Maintenant que tous les gens de confiance sont autour de moi, je les laisse un moment, pour aller m'habiller correctement. J'ai d'ailleurs un créateur japonais, un bon ami à moi, qui voulait que j'essayer sa prochaine collection, alors il m'a envoyé plusieurs costumes... :jmekiffe: Bref, je me fais tout beau tout propre, pendant que mes invités attendent dans mon bureau.
Quand je reviens, mon portable sonne.
C'est Yvonne. Elle me prévient qu'il y a le feu au Père-Lachaise, et que le Prince a été aperçu il y a peu dans le quartier.
Je mets au courant l'assistance, et nous partons aussitôt. Deux limousines nous attendent dehors, prêtes à démarrer.
Heureusement que j'ai pris le temps de m'habiller, je n'allais pas sortir en bras de chemises !
Deux heures du matin. Léger traffic dans Paris, que nos limousines transpercent rapidement, précédées par quelques motards de la gendarmerie. J'ordonne à ces derniers de se disperser avant notre arrivée en vue du cimetière. Il ne faudrait pas qu'ils assistent à ce qui va suivre.
De grandes flammes ont pris dans les arbres du Père-Lachaise. Branle-bas de combat chez les pompiers : il faut sauver les morts !
On entend déjà les sirènes des camions, au loin. Nous allons avoir peu de temps pour régler tout ça, et protéger le vernis de la Mascarade.
Du reste, tout va très vite.
Morgane est déjà sur les lieux. Elle ressort en courant du cimetière, peu avant que nous voyions le Prince sauter par dessus un mur, et sortir en hurlant, en proie à la frénésie ! Il a les vêtements en lambeaux, la peau roussie, il a sérieusement morflé !
- A tous les coups, encore des jeunes qui pratiquaient un jeu de rôle sataniste ! :roll: lance Graziella.
Ca ne va pas être facile de le calmer, le Sire Villon ! Graziella lance plusieurs tentacules d'ombres, qui peinent à contenir la folie furieuse du Prince. Soudain, venues des abysses, d'autres monstrueux tentacules surgissent, plus que Graziella n'a jamais su en invoquer. En retrait, Sire Montaigu a parachevé le travail... Le Prince est provisoirement contenu. J'arrive avec le premier bout de bois potable, et je pieute vigoureusement le Prince, juste avant que Morgane n'arrive avec une bonne branche, et ne calme pour de bon Sire Villon.
François Loren est parti neutraliser un témoin gênant. Sire Merlin calme le Prince, nous l'embarquons dans la limousine. Je demande à tout le monde de rentrer au Louvre et de m'attendre. J'ai deux mots à dire à Morgane, juste le temps d'une promenade dans le Père-Lachaise. Les pompiers sont déjà là, et ont commencé à sortir leurs lances.

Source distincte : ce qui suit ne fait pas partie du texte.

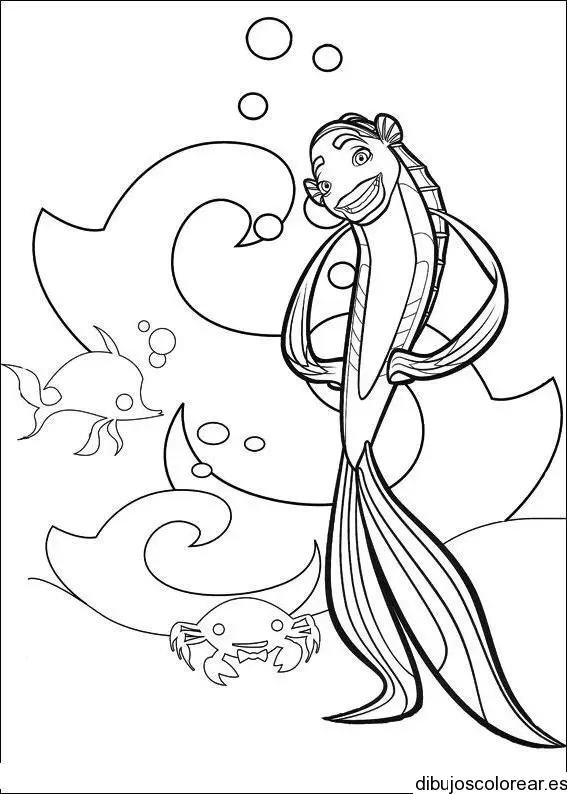 Dibujo del Espanta Tiburones y un cangrejo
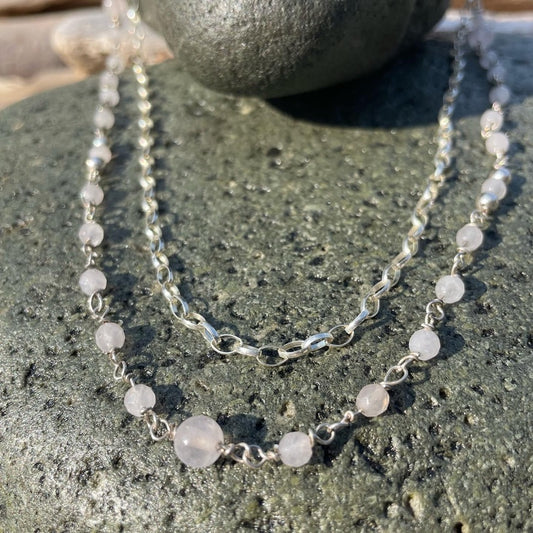 handmade silver and rose quartz necklaces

Les grands jets d'eau surgissent, pour combattre les grandes flammes, et au milieu de ce double déluge, Morgane et moi entrons dans le cimetière.
Le combat qui s'est déroulé a dû être particulièrement. D'après ce que me dit Morgane, le Prince se battait avec un adversaire particulièrement coriace, qui allait avoir le dessus sur lui. Elle est alors intervenu en faisant brûler cet ennemi, jusqu'à le consumer complétement ! Le Prince a été pris de panique, déjà épuisé par son combat, et s'est enfui à temps.

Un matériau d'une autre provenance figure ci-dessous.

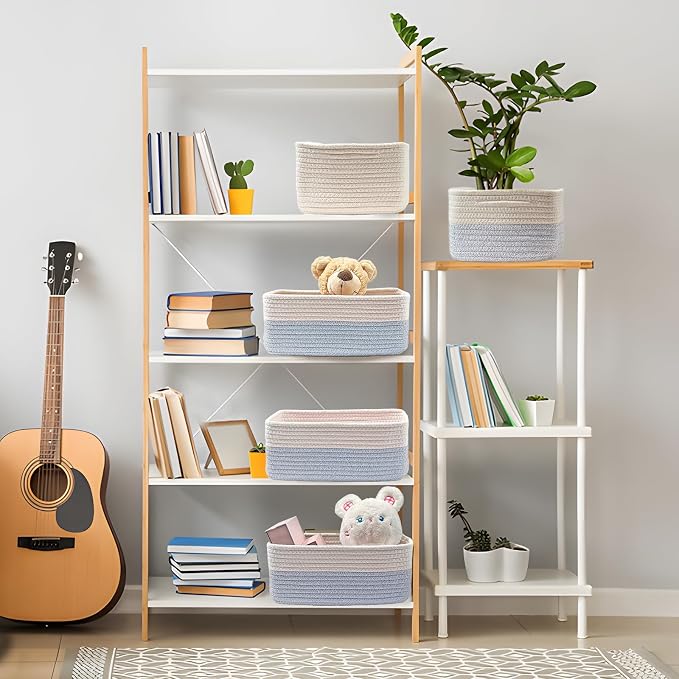 COMFY-HOMI 11.5"x7.5"x4.7" Storage Baskets for Organizing | Cotton Rope Woven Basket | Toy Storage Bin Box | Basket for Shelves, Closet Organizer Bin, Decorative Closet Shelf, 1 Pack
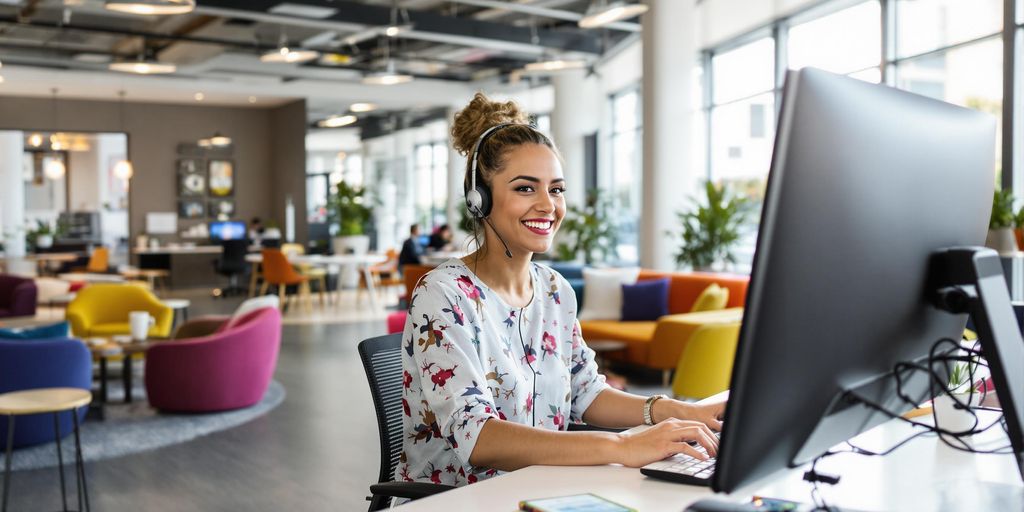 Photo of woman smiling beside computer in sleek modern office.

Les pompiers vont bientôt arriver. Les flammes sont étouffées.
- Vous avez vu la figure de l'agresseur du Prince, Morgane ?
- Oui je crois bien, voyons j'étais loin mais...
Je fixe Morgane dans les yeux, j'efface sa mémoire rapidement.
- ... ah non, je n'arrive pas à retenir un trait de son visage. Il faisait vraiment sombre, et il se déplaçait vite...
Voilà qui me laisse un peu de répit.
Je me précipite sur les lieux de l'affrontement : à voir les pierres tombales cassées, la terre retournée, un mausolée fracassé, le combat a dû être sauvage ! Entre des Caïnites aussi vieux, ça se conçoit !
Et ce que je craignais c'est bien produit ! Ah, mon Sire, j'aurais voulu vous retrouver en entier, et voilà que je n'ai devant moi qu'un tapis de cendre, éparpillé dans la nuit !... Malédiction ! Morgane ne pouvait pas savoir ! :x Si j'étais arrivé quelques minutes plus tôt, je l'aurai empêchée...
Puisqu'on est dans la profanation, je prends une urne, la vide de ses cendres, et ramasse rapidement autant de cendres de vous qu'il m'est possible, Sire.
Un tapis de cendres ! Quelle dérision ! quelle cruelle dérision ! Moi Régent, et vous poussière ! Le monde est à l'envers, tandis que jaillissent ces flammes et ces grands jets d'eau !
Nous quittons en vitesse le cimetière, avant que tous les morts ne nous sautent à la gorge, et nous entraînent avec eux dans leur demeure ! Nous restons pour le moment à la surface, entre vie et mort !
De retour au Louvre, je confie l'urne à notre ami Montaigu. Lui saura vous ressusciter, Sire, je le sais. Il ne sera pas dit que votre infant vous laissera poussière parmi les poussières...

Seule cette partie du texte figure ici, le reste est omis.